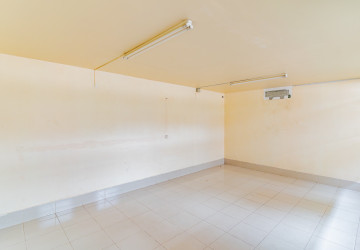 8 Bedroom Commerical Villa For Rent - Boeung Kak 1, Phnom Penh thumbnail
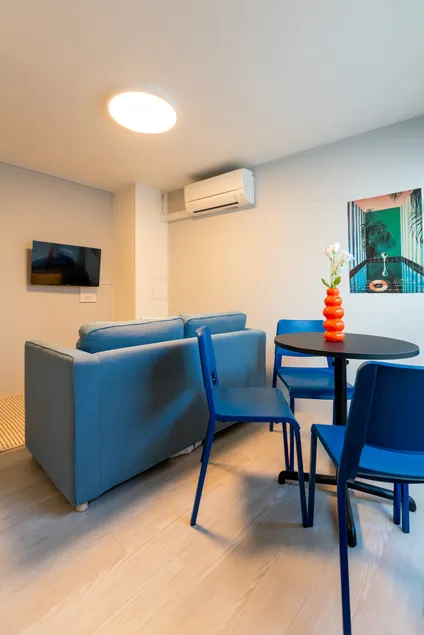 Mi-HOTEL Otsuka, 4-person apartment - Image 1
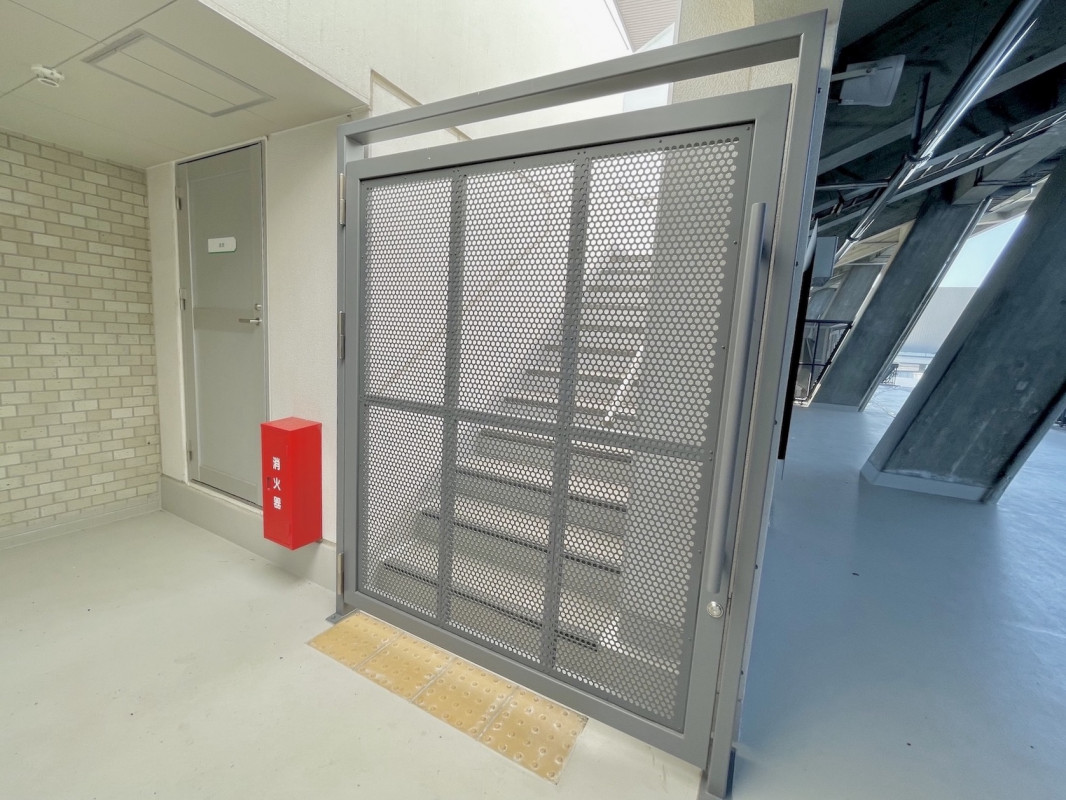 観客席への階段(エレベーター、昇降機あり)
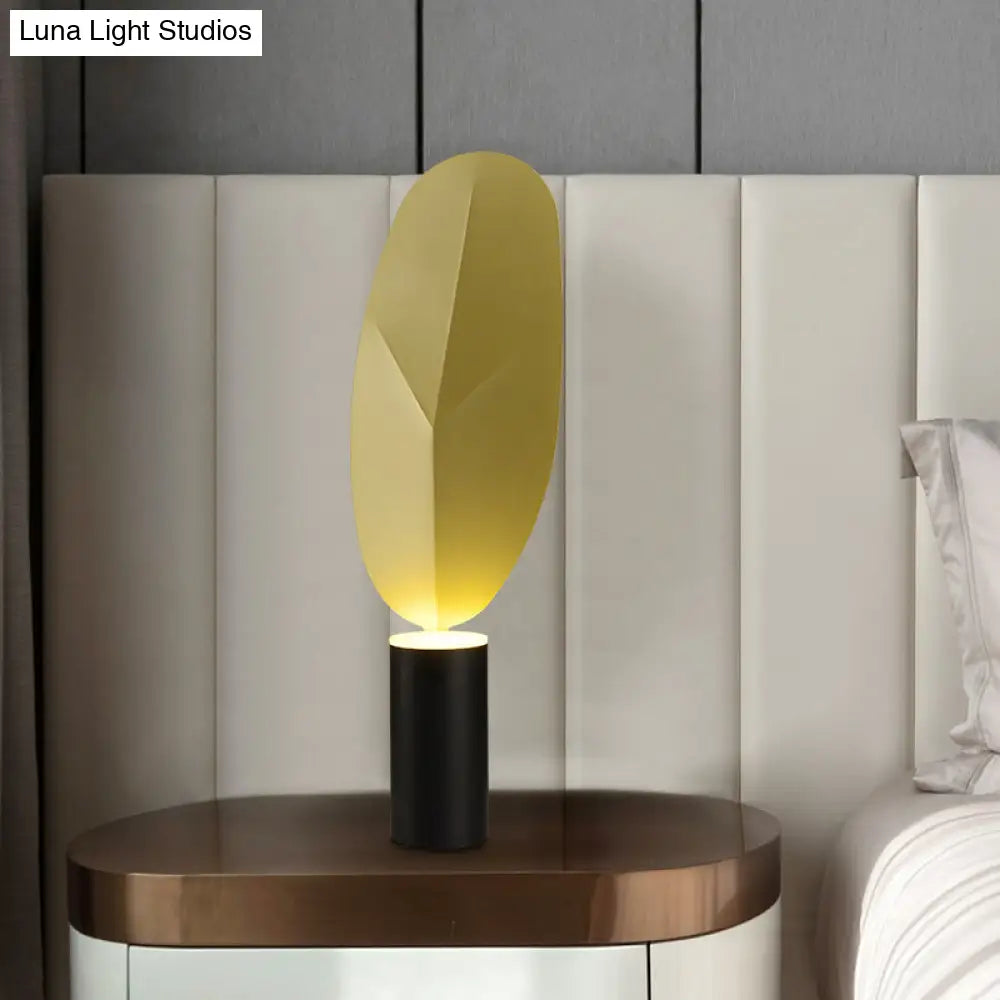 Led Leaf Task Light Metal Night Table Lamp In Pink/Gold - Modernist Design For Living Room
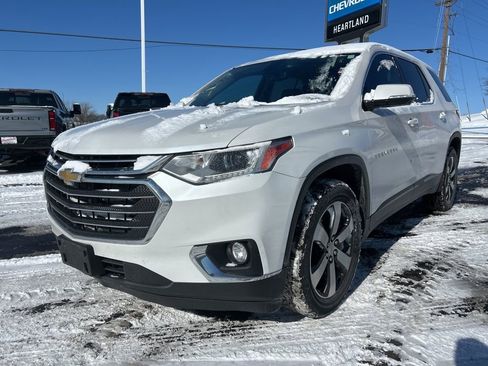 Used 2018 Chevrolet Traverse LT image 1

==

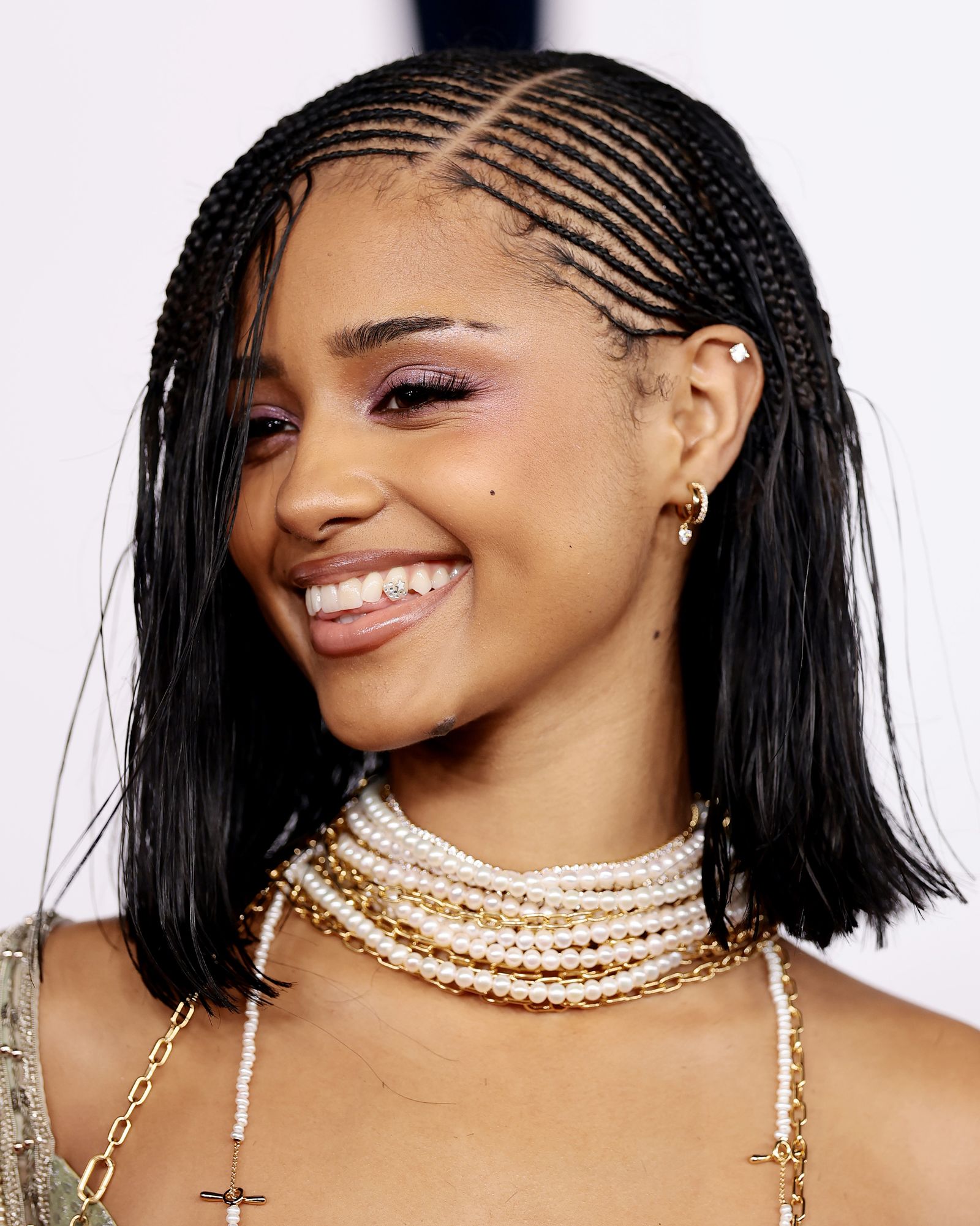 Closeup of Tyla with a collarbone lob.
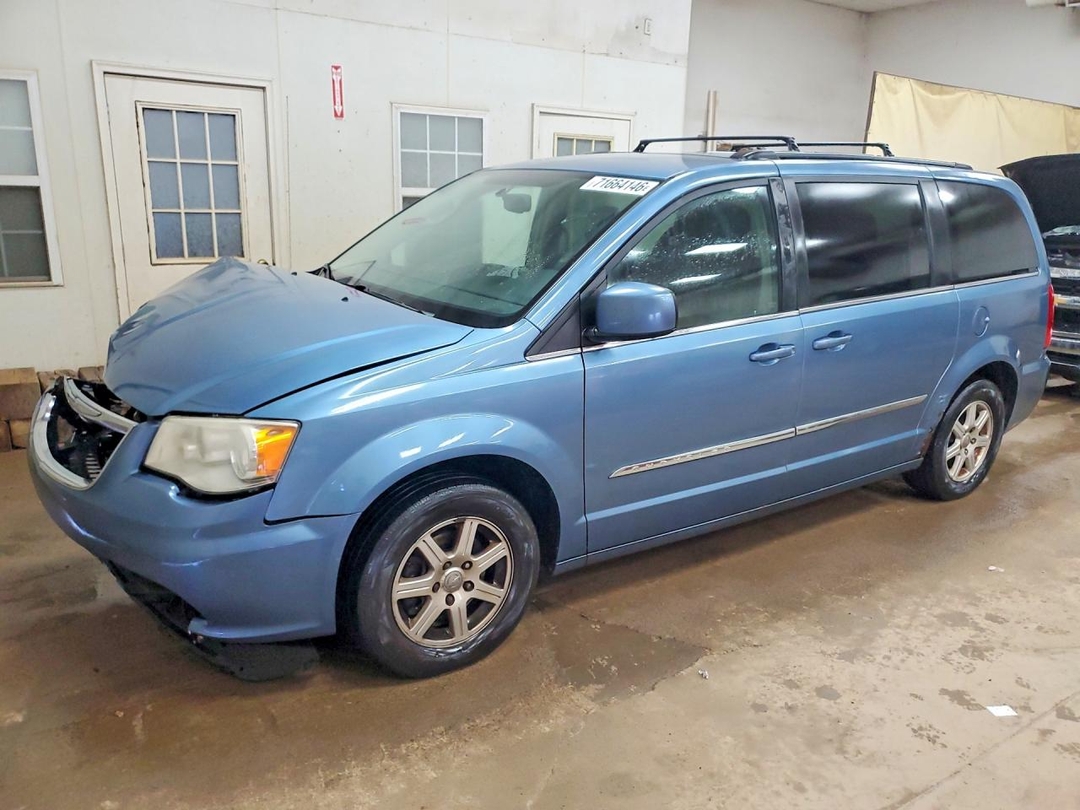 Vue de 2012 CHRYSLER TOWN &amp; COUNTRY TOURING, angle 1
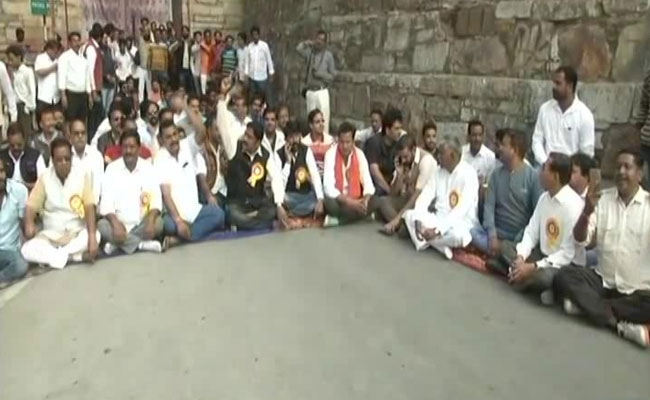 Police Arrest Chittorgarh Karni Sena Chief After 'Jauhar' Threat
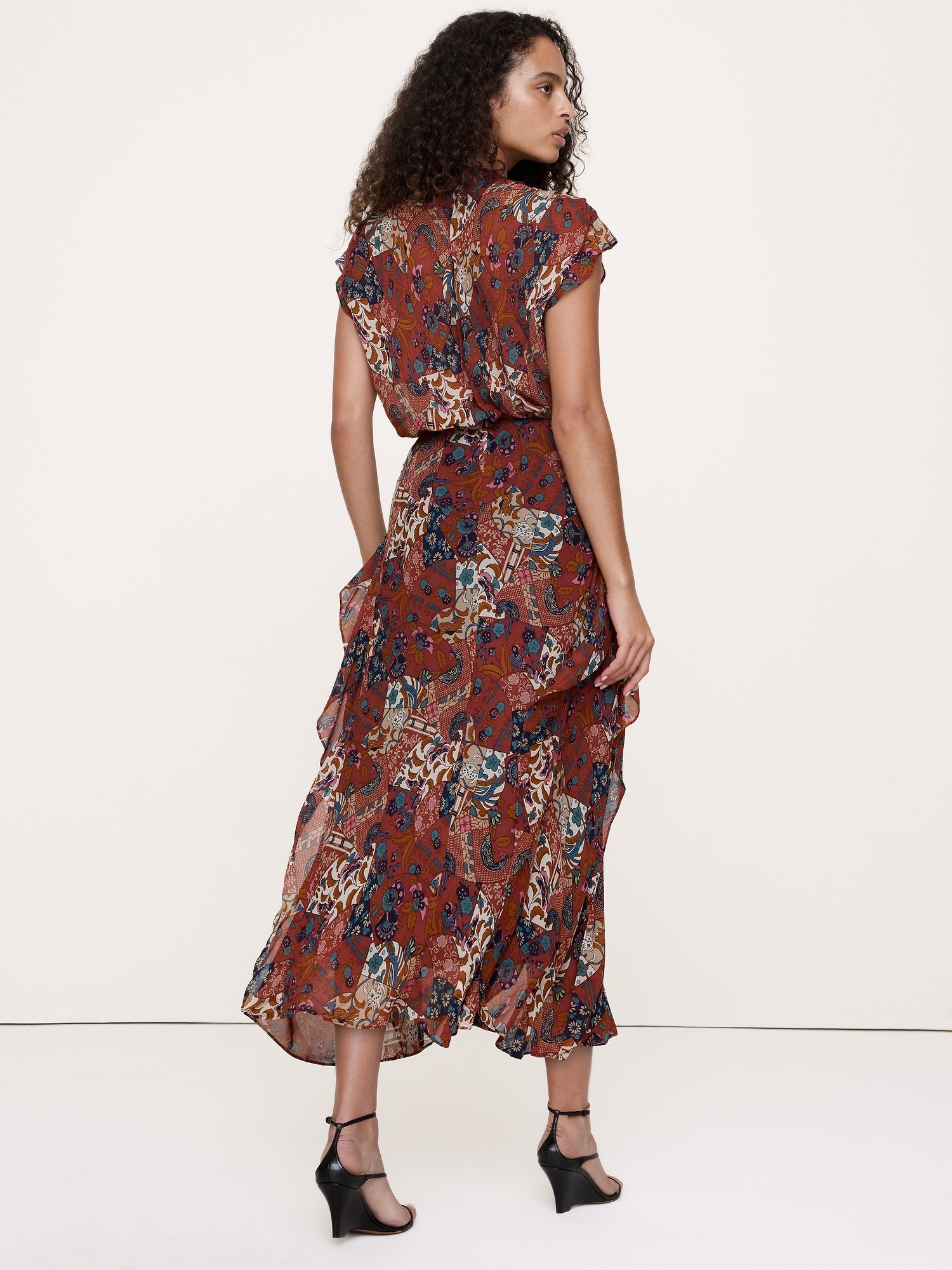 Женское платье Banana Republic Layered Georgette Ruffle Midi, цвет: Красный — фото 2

* * *

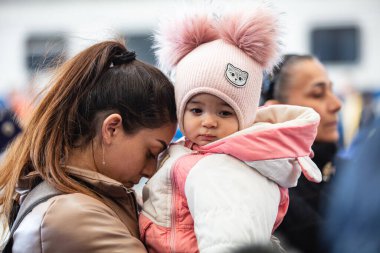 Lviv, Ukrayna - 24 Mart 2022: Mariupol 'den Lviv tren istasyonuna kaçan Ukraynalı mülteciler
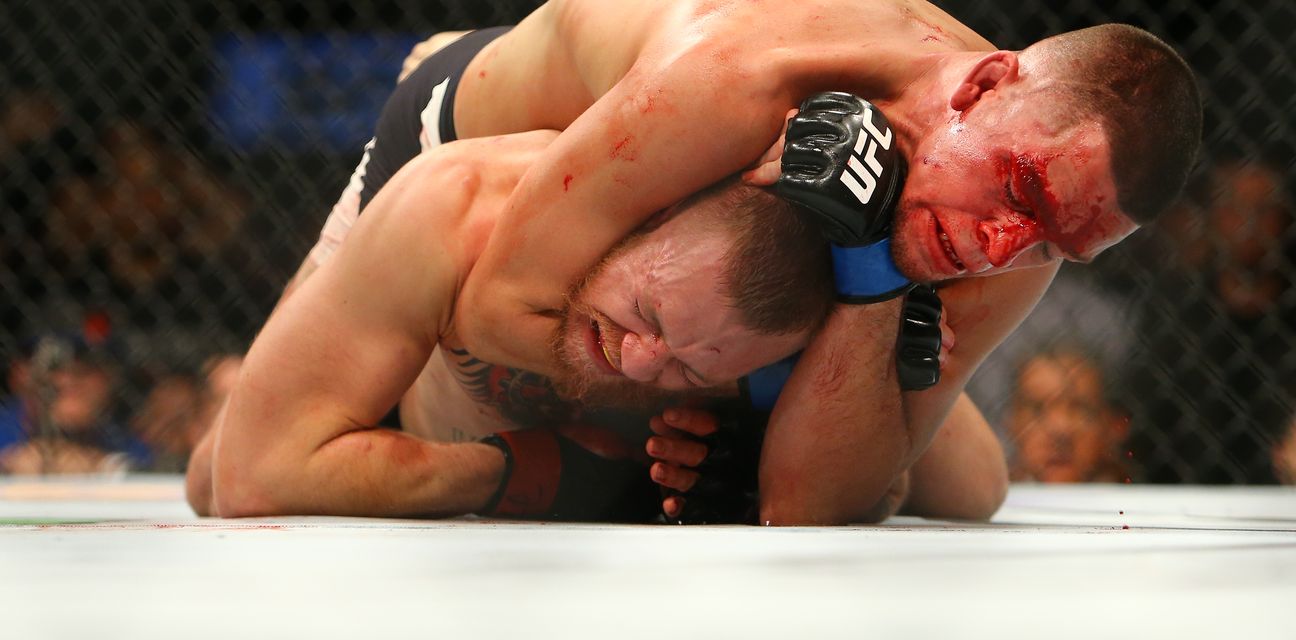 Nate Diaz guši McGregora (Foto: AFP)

Work instruction: Output exactly the lines above that lie between the line with "8 Bedroom Commerical" and the line with "Used 2018 Chevrolet Traverse LT image 1", those two lines included, and no pictures.

Task result:
 8 Bedroom Commerical Villa For Rent - Boeung Kak 1, Phnom Penh thumbnail
 Mi-HOTEL Otsuka, 4-person apartment - Image 1
 観客席への階段(エレベーター、昇降機あり)
 Led Leaf Task Light Metal Night Table Lamp In Pink/Gold - Modernist Design For Living Room
 Used 2018 Chevrolet Traverse LT image 1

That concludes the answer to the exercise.